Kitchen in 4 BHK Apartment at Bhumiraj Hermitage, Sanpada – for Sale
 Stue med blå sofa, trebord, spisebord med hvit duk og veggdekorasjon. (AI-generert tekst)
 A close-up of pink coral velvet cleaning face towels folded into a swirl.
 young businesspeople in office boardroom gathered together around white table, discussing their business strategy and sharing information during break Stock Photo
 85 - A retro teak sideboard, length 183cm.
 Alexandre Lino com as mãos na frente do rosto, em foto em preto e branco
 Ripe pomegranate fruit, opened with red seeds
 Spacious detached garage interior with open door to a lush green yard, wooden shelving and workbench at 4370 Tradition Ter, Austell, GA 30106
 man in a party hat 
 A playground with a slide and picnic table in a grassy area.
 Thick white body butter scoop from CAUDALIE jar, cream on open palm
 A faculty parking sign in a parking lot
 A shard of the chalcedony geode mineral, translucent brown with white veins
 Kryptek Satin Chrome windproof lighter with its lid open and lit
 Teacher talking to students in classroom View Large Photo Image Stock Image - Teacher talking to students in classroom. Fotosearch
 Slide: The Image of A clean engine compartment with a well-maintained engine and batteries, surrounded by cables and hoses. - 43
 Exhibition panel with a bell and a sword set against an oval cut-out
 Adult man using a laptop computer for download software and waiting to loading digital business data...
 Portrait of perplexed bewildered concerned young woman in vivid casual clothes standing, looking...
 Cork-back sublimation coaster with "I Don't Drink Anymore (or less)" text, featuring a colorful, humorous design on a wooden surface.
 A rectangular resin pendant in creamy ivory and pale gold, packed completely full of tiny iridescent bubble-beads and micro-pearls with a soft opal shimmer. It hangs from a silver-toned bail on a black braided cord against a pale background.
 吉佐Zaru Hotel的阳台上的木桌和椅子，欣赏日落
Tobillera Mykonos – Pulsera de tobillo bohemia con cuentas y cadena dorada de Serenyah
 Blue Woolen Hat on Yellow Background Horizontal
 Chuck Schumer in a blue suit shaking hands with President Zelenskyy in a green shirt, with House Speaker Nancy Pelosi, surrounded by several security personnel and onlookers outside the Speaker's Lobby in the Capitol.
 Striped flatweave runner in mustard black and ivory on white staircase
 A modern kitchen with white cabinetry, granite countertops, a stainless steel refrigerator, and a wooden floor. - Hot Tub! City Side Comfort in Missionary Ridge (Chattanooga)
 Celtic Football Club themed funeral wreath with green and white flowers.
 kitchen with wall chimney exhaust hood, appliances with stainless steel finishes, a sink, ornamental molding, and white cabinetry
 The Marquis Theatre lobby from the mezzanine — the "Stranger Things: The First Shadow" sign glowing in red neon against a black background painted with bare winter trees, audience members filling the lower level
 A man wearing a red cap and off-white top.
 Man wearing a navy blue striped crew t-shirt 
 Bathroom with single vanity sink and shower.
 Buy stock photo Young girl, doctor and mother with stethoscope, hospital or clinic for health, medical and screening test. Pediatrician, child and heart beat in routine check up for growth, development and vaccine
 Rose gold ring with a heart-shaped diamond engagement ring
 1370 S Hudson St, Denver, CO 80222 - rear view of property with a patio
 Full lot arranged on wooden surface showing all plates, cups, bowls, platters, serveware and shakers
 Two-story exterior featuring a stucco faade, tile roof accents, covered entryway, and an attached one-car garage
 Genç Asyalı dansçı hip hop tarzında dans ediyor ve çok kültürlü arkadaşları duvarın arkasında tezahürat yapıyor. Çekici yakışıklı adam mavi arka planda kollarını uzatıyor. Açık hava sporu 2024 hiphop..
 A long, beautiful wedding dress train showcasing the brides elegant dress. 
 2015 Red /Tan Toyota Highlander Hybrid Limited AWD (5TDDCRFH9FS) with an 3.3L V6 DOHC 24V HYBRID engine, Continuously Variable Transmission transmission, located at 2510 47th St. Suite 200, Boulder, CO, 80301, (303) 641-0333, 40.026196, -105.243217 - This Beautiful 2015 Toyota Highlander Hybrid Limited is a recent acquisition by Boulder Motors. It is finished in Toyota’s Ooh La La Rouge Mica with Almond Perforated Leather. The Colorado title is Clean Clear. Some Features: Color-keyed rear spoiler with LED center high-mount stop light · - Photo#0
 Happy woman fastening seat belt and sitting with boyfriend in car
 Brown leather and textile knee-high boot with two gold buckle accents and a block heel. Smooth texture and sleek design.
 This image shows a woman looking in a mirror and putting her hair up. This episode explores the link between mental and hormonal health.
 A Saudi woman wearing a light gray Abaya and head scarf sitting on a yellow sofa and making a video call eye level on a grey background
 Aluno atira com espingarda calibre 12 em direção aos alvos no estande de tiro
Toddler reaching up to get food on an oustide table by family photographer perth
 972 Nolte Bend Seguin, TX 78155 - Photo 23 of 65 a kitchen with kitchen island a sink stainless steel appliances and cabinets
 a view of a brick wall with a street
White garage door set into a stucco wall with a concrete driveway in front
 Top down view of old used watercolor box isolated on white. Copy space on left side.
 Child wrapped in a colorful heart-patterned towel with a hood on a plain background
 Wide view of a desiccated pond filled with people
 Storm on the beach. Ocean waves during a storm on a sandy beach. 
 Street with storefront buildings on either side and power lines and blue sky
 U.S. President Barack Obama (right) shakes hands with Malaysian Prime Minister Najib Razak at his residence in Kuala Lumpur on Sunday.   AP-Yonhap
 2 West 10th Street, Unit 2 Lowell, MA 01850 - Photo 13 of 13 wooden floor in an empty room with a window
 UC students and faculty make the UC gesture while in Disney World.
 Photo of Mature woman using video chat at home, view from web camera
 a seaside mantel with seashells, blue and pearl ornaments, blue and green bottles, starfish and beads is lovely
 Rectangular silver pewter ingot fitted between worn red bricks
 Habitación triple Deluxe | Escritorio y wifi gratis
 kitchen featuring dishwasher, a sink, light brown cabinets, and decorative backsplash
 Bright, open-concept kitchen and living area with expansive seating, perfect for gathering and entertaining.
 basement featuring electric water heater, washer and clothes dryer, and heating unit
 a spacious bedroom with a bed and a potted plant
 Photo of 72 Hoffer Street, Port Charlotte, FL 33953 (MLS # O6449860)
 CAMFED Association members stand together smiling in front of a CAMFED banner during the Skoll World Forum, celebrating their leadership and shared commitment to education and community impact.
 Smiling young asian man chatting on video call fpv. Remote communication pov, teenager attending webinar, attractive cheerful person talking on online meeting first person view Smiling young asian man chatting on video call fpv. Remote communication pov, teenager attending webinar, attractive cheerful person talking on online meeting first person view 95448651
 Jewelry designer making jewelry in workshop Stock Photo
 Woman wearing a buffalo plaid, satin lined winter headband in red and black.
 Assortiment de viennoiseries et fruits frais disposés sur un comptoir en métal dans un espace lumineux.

### TO DO
Where does the word "wooden" appear in the records above? Return every line that holds it.

### OUTPUT FOR THIS TASK
 Spacious detached garage interior with open door to a lush green yard, wooden shelving and workbench at 4370 Tradition Ter, Austell, GA 30106
 Cork-back sublimation coaster with "I Don't Drink Anymore (or less)" text, featuring a colorful, humorous design on a wooden surface.
 A modern kitchen with white cabinetry, granite countertops, a stainless steel refrigerator, and a wooden floor. - Hot Tub! City Side Comfort in Missionary Ridge (Chattanooga)
 Full lot arranged on wooden surface showing all plates, cups, bowls, platters, serveware and shakers
 2 West 10th Street, Unit 2 Lowell, MA 01850 - Photo 13 of 13 wooden floor in an empty room with a window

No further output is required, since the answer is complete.